A Primer on the Inner Workings of Transformer-based Language Models
Ever wondered how LLMs think? It's all circuits and patterns Nice Paper for a long weekend read - "A Primer on the Inner Workings of Transformer-based Language Models"
Ever wondered how LLMs think? It's all circuits and patterns
Nice Paper for a long weekend read - "A Primer on the Inner Workings of Transformer-based Language Models"
📌 Provides a concise intro focusing on the generative decoder-only architecture.
📌 Introduces the Transformer layer components, including the attention block (QK and OV circuits) and feedforward network block, and explains the residual stream perspective. It then categorizes LM interpretability approaches into two dimensions: localizing inputs or model components responsible for a prediction (behavior localization) and decoding information stored in learned representations to understand its usage across network components (information decoding).
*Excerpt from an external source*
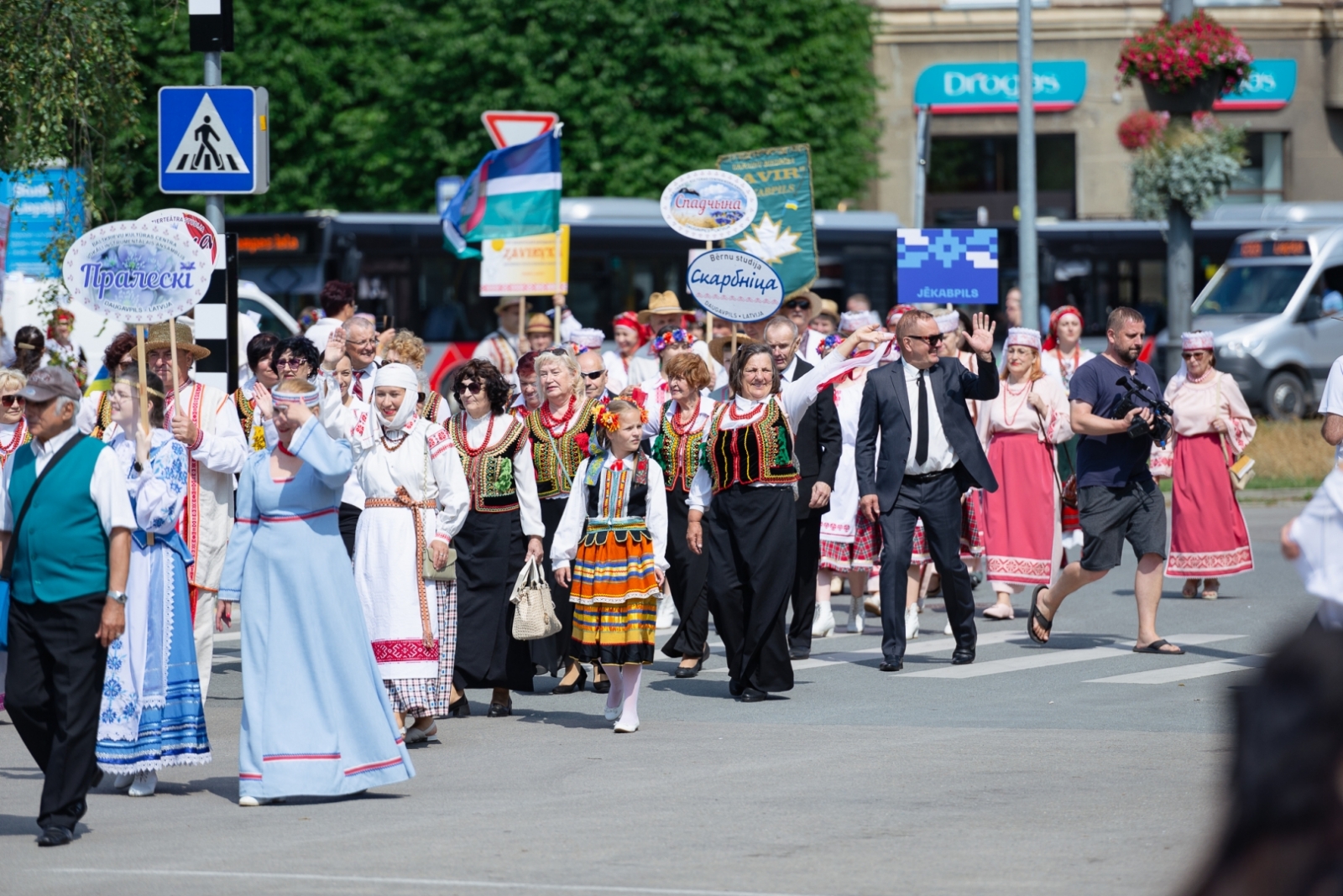 Kultūras ministre Agnese Lāce piedalās Latvijas mazākumtautību festivāla atklāšanā Liepājā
📌 For behavior localization, the paper covers input attribution methods (gradient-based, perturbation-based, context mixing) and model component importance techniques (logit attribution, causal interventions, circuits analysis). Causal interventions involve patching activations during the forward pass to estimate component influence, while circuits analysis aims to reverse-engineer neural networks into human-understandable algorithms by uncovering subsets of model components interacting together to solve a task.
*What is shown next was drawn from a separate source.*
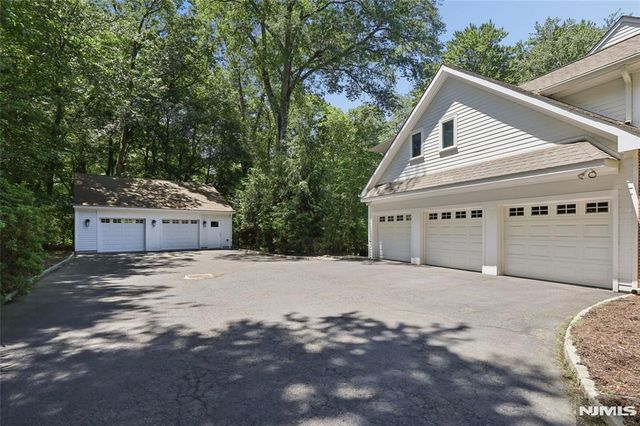 27 Duane Lane, Demarest, NJ 07627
📌 Information decoding methods aim to understand what features are represented in the network. Probing trains supervised models to predict input properties from representations, while the linear representation hypothesis states that features are encoded as linear subspaces. Sparse autoencoders (SAEs) can disentangle superimposed features by learning overcomplete feature bases. Decoding in vocabulary space involves projecting intermediate representations and model weights using the unembedding matrix.
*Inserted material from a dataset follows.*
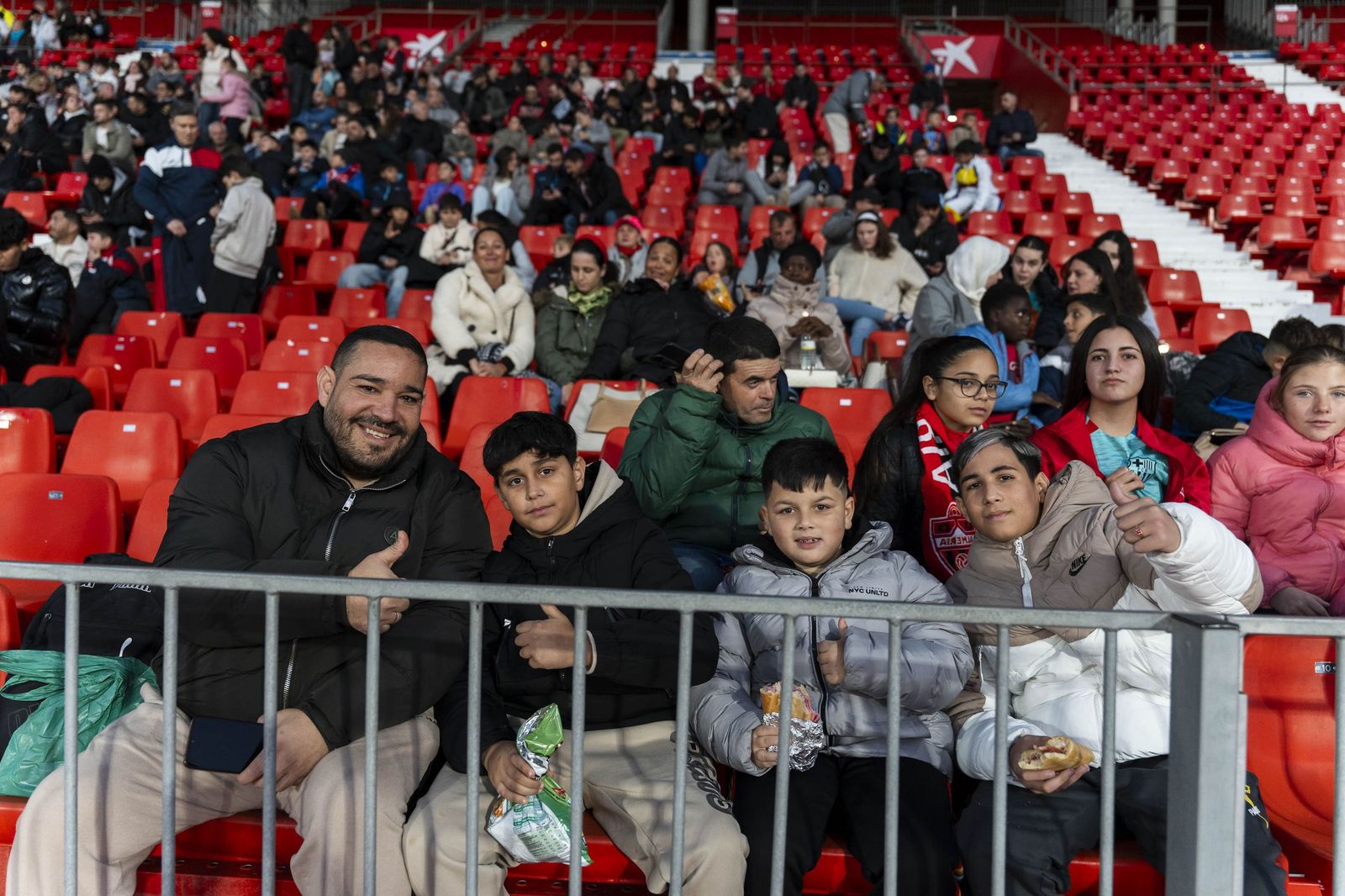 Fotogalería del partido homenaje a Guillermo Blanes entre los veteranos de la UD Almería y el FC Barcelona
📌 Then summarizes discovered inner behaviors in Transformers, including interpretable attention patterns (positional, subword joiner, syntactic heads) and circuits (copying, induction, copy suppression, successor heads), neuron input/output behaviors (concept-specific, language-specific neurons), and the high-level structure mirroring sensory/motor neurons. Emergent multi-component behaviors are exemplified by the IOI task circuit in GPT2-Small. Insights on factuality and hallucinations highlight the competition between grounded and memorized recall mechanisms.